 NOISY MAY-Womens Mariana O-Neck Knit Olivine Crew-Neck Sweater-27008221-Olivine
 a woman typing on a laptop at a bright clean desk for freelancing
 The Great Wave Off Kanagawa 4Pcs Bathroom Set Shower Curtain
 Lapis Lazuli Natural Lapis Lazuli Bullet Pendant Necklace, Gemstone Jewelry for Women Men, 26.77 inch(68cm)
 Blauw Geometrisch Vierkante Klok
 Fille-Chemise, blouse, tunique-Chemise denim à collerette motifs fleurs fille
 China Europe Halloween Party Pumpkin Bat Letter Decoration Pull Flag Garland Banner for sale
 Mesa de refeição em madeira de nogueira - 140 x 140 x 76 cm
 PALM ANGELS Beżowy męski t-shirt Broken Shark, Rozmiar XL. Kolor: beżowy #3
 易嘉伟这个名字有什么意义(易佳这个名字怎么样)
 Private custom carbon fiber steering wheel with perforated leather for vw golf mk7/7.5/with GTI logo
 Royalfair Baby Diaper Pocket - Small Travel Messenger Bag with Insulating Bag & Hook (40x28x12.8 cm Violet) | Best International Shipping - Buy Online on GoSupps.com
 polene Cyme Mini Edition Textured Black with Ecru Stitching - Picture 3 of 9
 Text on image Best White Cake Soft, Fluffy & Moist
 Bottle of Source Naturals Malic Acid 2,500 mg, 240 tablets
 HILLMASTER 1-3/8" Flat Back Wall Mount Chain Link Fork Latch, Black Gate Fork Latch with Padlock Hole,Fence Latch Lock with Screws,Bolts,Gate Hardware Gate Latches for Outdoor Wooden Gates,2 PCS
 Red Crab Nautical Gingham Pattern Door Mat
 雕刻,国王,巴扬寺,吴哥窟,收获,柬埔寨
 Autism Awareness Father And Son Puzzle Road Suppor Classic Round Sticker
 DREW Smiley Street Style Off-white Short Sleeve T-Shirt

- - - -

YOUR GOAL =>
Repeat the lines from the one containing "Wooden Gates,2 PCS" through the end of the listing, exactly and without any other lines; both ends are included.

OUTPUT =>
 HILLMASTER 1-3/8" Flat Back Wall Mount Chain Link Fork Latch, Black Gate Fork Latch with Padlock Hole,Fence Latch Lock with Screws,Bolts,Gate Hardware Gate Latches for Outdoor Wooden Gates,2 PCS
 Red Crab Nautical Gingham Pattern Door Mat
 雕刻,国王,巴扬寺,吴哥窟,收获,柬埔寨
 Autism Awareness Father And Son Puzzle Road Suppor Classic Round Sticker
 DREW Smiley Street Style Off-white Short Sleeve T-Shirt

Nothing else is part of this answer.